Published in Race Today April 1971
There is no set-back in history except that we make it so. Tonight the black world weeps that their king has passed away. But tomorrow and tomorrow and tomorrow…every black man will have become his own king – for that is the legacy that Muhammad Ali leaves us even as he leaves the ring.
The white world had willed that the king should die. But it took the might of the most powerful, the most designing judicial system in the world to bring the king down. Joe Frazier was the unreckoning tool of that design.
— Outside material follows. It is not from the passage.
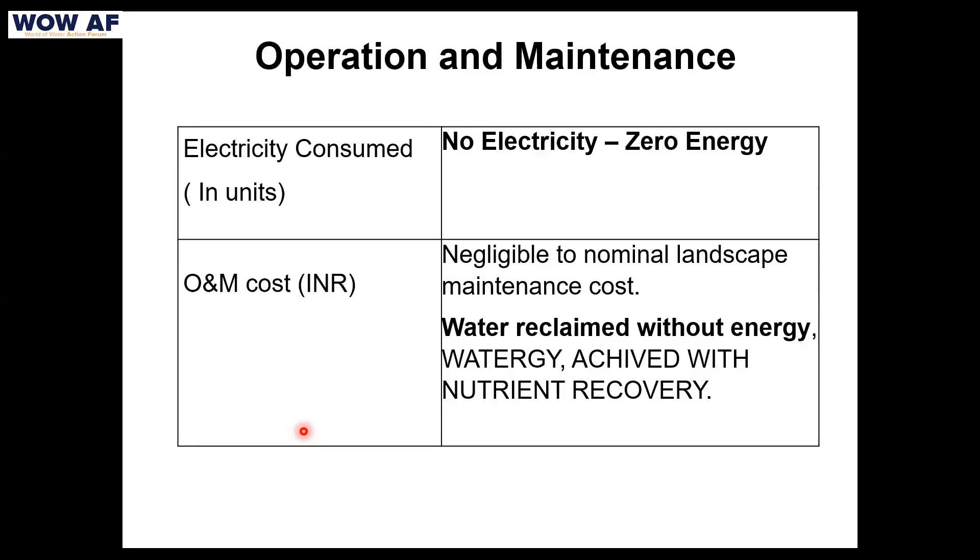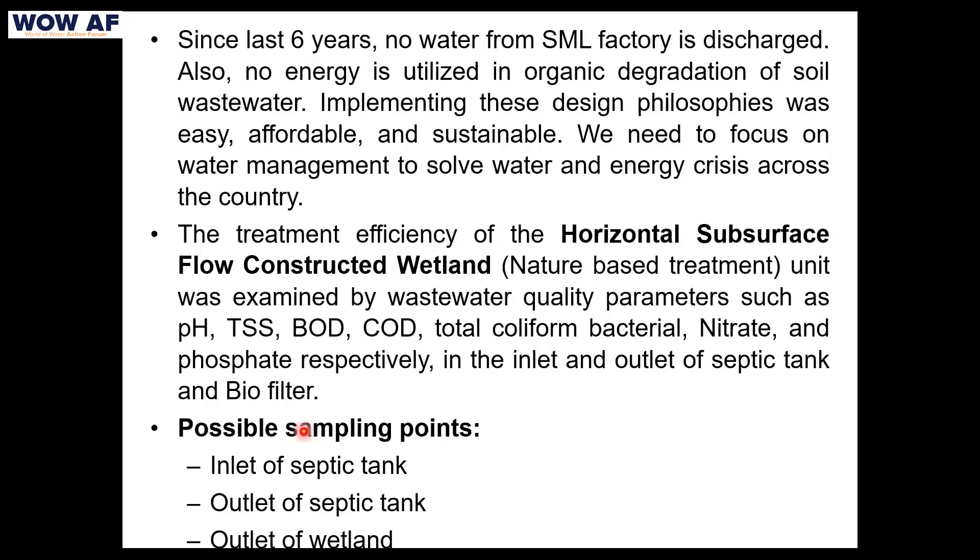Water is reclaimed, energy is saved, and nutrient recovery has also been achieved at this project. Since the last six years, this system has been working at SML without a single issue. Till today, we have not received any complaint from our customer.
Heavyweight boxing had, until the advent of Muhammad Ali, come to be associated with brute force. If it once had been the province of elegant gladiators like Gentleman Jim Corbett, it was as the sport of white men. But as the black man began to claim the game more consistently, the game itself became tainted with the stereotype image of the nigger. It was a thing for brutes – hefty, slow-moving, slow-thinking, sub-humans – a blood sport from which the white man would gather profit and pleasure at no great cost to himself. It was satisfying too, to his psyche, if he could gather the myriad frustrations that in his daily life he visited on niggers in general and embody them in a single super-nigger. Two super-niggers would be doubly cathartic-and the more explosive they were, the more orgasmic his release.
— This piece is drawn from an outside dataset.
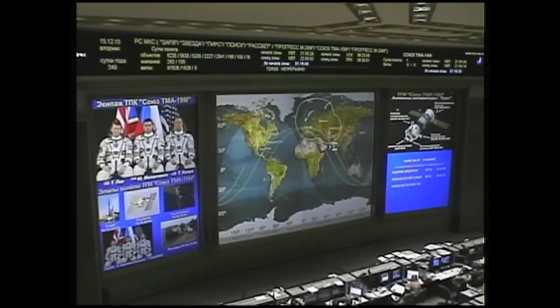Tim Kopra, Yuri Malenchenko, and Timothy Peake are now docked to the International Space Station at 11:33 a.m. Central Time, 12:33 p.m. Eastern Time.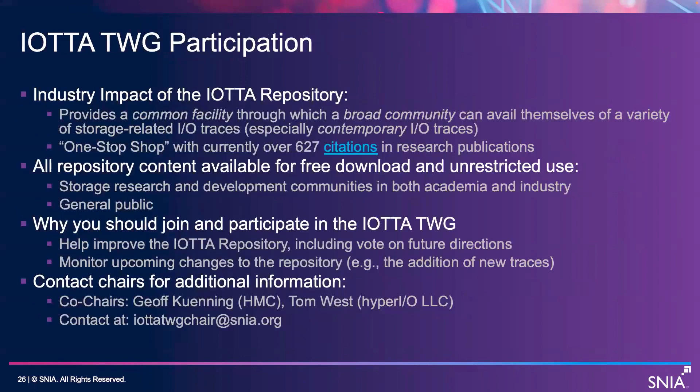The industry impact: we have provided a common facility that a broad community can use to get traces. It's a one-stop shop for storage traces, and it's been cited in over 600 research publications. All of it is available for free download and unrestricted use, and it's widely used. It's a normal thing for people to use those traces in new research.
At worst it was a game of make-believe, a confidence trick wherein the Thing, by being allowed to become a Super-Thing, believed it passed for man. Or so it would have seemed-until the black renascence of the sixties. Even the civil rights strugglehad only served to cordon off the black athlete in a bantustan of sport. It was left to Malcolm X and the black power movement to threaten the total release of the ‘Negro.
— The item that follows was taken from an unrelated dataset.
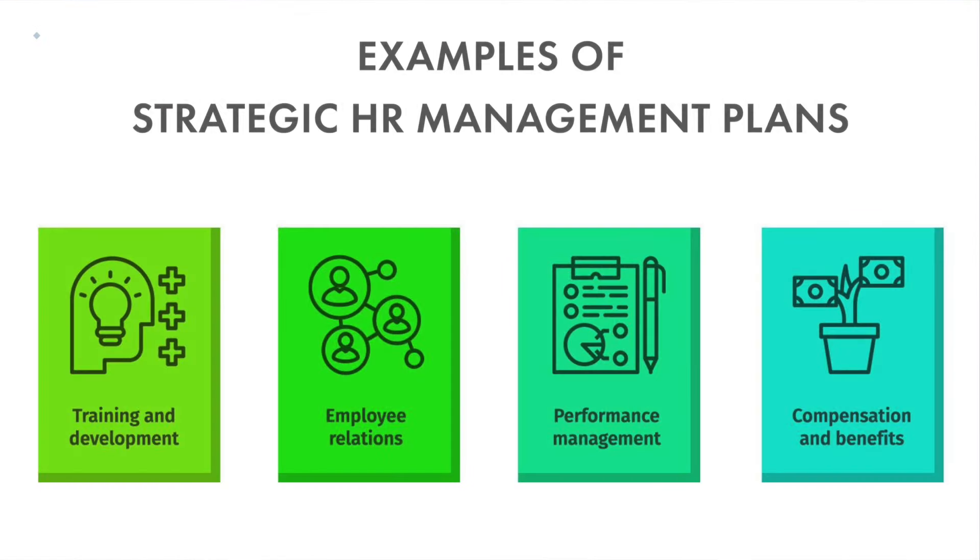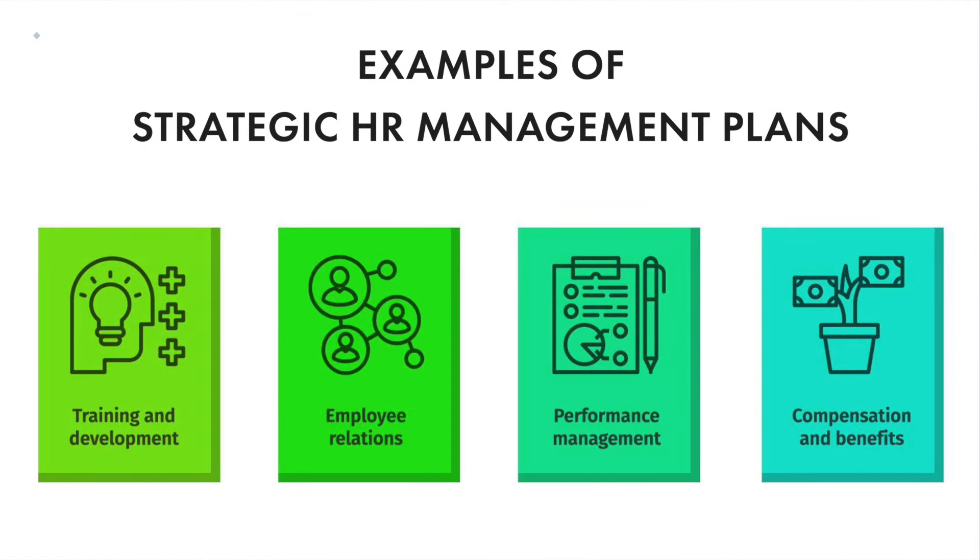Let's talk about a few strategic HR management plans. The first is training and development, which involves identifying employees' development needs and offering resources and training to help them improve their skills. Next is employee relations, which involves managing employee relations to develop a healthy workspace. Another SHRM plan is performance management, which includes developing systems to track employees' performance and creating ways to improve their productivity. The last is compensation and benefits — the hidden strategy is to attract and retain talent by offering bonuses and compensation, which ultimately benefits the organization in the long run.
Muhammad Ali is the finest epitome of that release. And it is this that bugs white society so. He is not just a prize-fighter, he is not even one man. He is many men in one-and all of them black. Out of the very blackness, which white society decrees as evil, he squeezes out an image of himself and of his people which is both peerless and profound. Out of the very handicaps inherent in the medium he works in, he reconstructs a style which is also the life style of his people. His people dance, he dances. His people sing, he sings-in verse. His people stand with wearied heads, he brings them erect again. His people bravetheir broken bodies, he gives a swagger to them. And to the sport itself-to the most heavy-footed sport of all-he brings an artistry unsurpassed by Pavlova. Out of an elegy he makes a hymn.